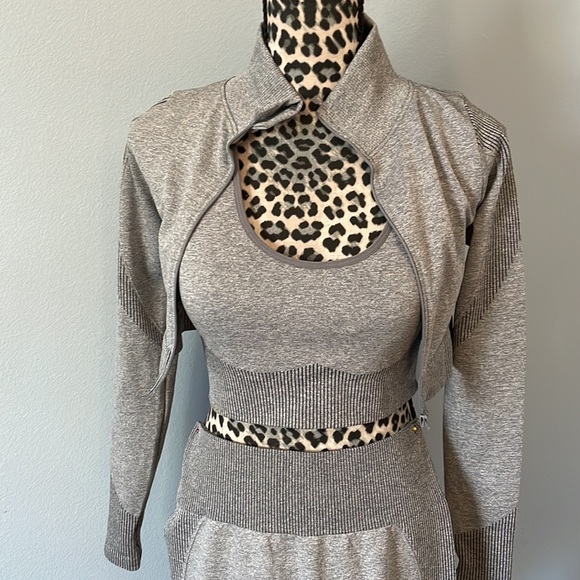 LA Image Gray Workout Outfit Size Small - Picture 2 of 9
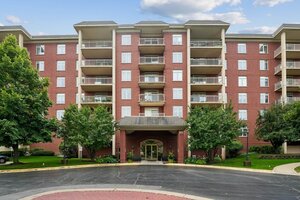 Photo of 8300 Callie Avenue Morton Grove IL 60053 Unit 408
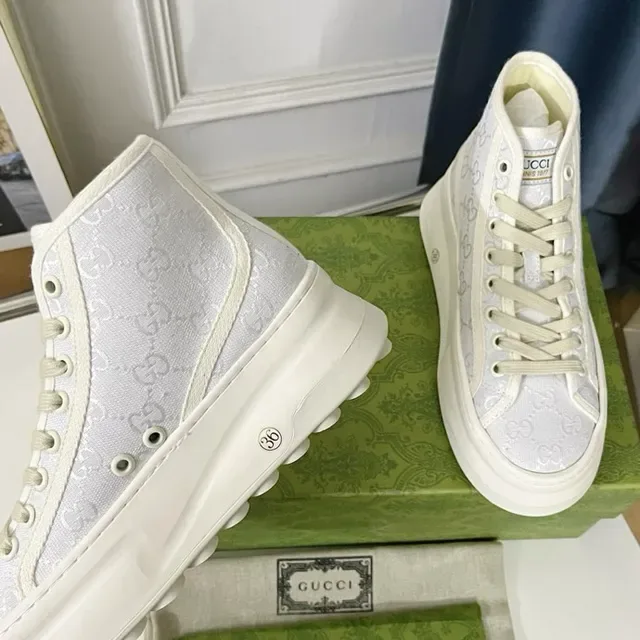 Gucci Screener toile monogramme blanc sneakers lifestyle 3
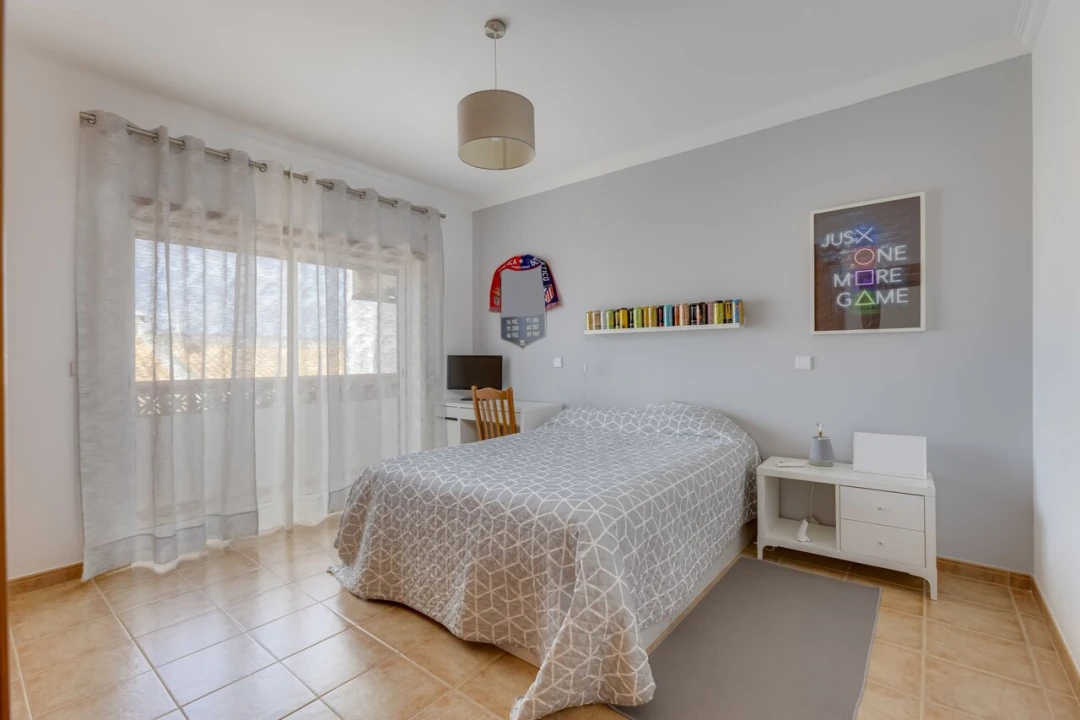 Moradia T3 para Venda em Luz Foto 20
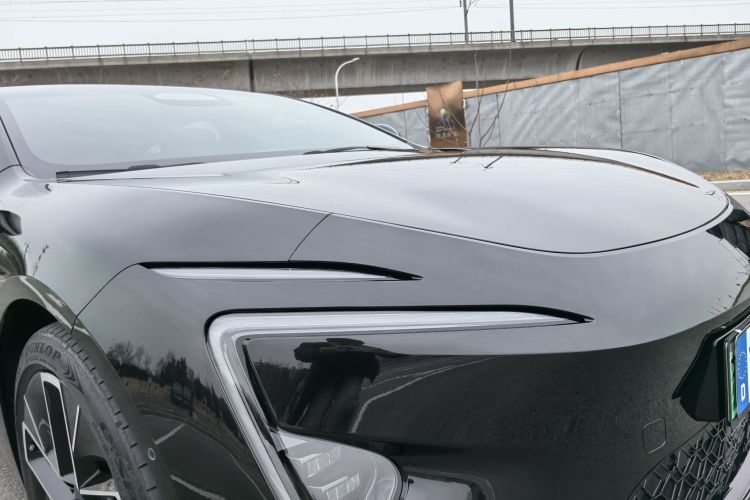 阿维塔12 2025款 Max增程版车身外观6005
- - - - - - -
*Exercise requirements*.
Your task is to set down the records shown above exactly, minus any pictures.

*Answer box*.
 LA Image Gray Workout Outfit Size Small - Picture 2 of 9
 Photo of 8300 Callie Avenue Morton Grove IL 60053 Unit 408
 Gucci Screener toile monogramme blanc sneakers lifestyle 3
 Moradia T3 para Venda em Luz Foto 20
 阿维塔12 2025款 Max增程版车身外观6005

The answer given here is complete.